One drawback of data deduplication is that it cannot be used effectively with client-side encryption. For example, encrypted data does not deduplicate well (new extents are not likely to match extents stored on the server), and encrypting data after deduplication requires all users to share the same encryption key. However, you can secure data while using deduplication.http://www.ibm.com/developerworks/wikis/display/tivolistoragemanager/Data+deduplication+in+Tivoli+Storage+Manager+V6.2+and+V6.1#DatadeduplicationinTivoliStorageManagerV6.2andV6.1-Security
Nope and nope, it's just for reading, not for writing.
The idea : it tries to write a compressed block, then notices it already exists in another form (uncompressed or compressed with another method), then it just uses dedup to the version which already exists, that's all. No rewriting needed of anything.
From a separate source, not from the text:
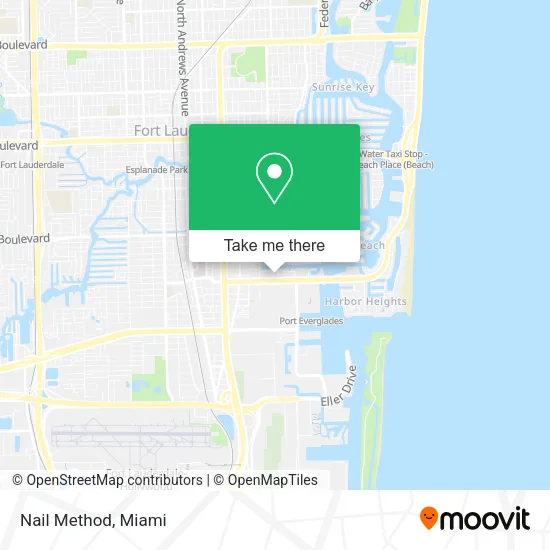 Mapa de Nail Method
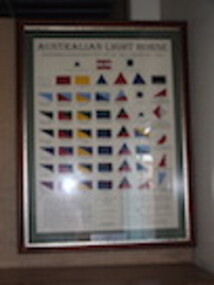 Colour Patch Display, Frontier Military History Services, Australian Light Horse Colour Patches of the 1st AIF 1915-1920 & AMF/CMF 1921-1940's, 24/07/2010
On 04/06/2011 01:49 PM, Emmanuel Anne wrote:I'm sure there are many many people who would love to disagree with you here.Ok for encryption... But anyway for this to work you would need to have an decrypted version of the files. In this case, encryption becomes mainly useless if you already have the decrypted version ! (except for testing the presence of a given file, it's really a very specific situation).
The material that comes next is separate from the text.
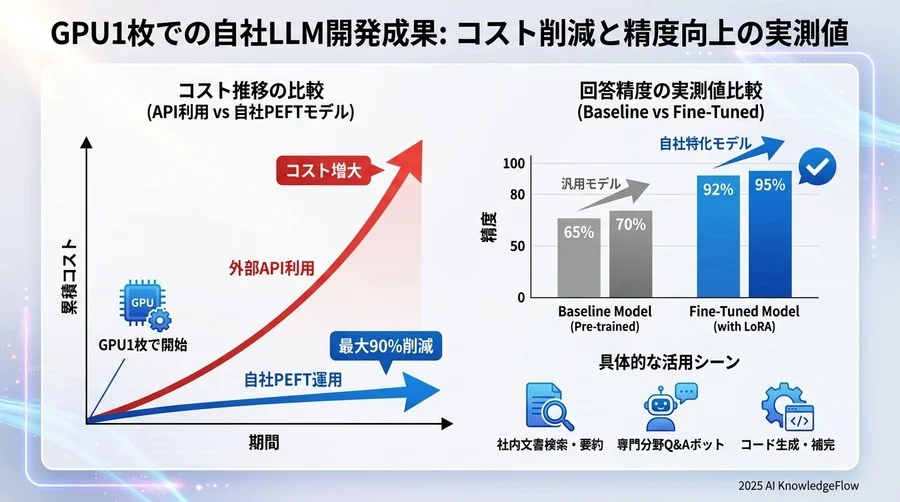 直面した「壁」と泥臭いチューニング過程 - Section Image 3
So all in all it's not a big risk.
If my life depended on it, I wouldn't like for people to be able to just by 'dedup-counting' be able to find out exactly which version of ssh is installed on my system... And I wouldn't exactly be thrilled to find that a malicious government was able to detect the presence of forbidden media on my encrypted volumes...
In the VPS situation, one might devise an attack to find whether your host hosts VPS-es that still have the default configuration for, say, passwd, emailserver, database server, etc. and be able to target those hosts. Or like in SQL injection (specifically timing error responses) attacks, it could be used to externally check whether an attack over another attack vector had the intended result (by checking the existence of a resulting special block on disk).
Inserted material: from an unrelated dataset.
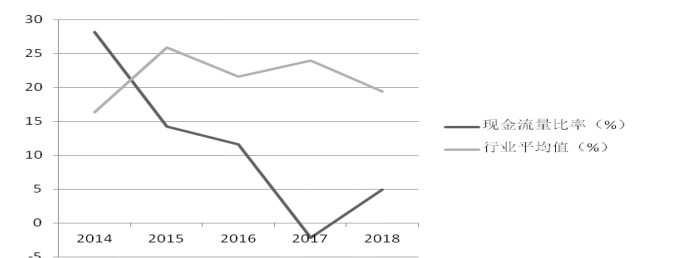 华杰木业公司偿债能力管理问题研究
The risk in this type of attack has been published before. For reference I just drug up this quote from the IBM Tivoli whitepapers:
One drawback of data deduplication is that it cannot be used effectively with client-side encryption. For example, encrypted data does not deduplicate well (new extents are not likely to match extents stored on the server), and encrypting data after deduplication requires all users to share the same encryption key. However, you can secure data while using deduplication.http://www.ibm.com/developerworks/wikis/display/tivolistoragemanager/Data+deduplication+in+Tivoli+Storage+Manager+V6.2+and+V6.1#DatadeduplicationinTivoliStorageManagerV6.2andV6.1-Security
HTH
--
To post to this group, send email to zfs-...@googlegroups.com
To visit our Web site, click on http://zfs-fuse.net/
Encryption after deduplication forces all users to share the same encryption key ???
It must be in a different context, there is nothing to force that here.
I remind you I said ok for encryption ! You could make this an option, but it would probably be too much of a hassle, so if paranoids say it's better this way, then leave it this way and avoid dedup if you can (in most situations it can be avoided anyway !).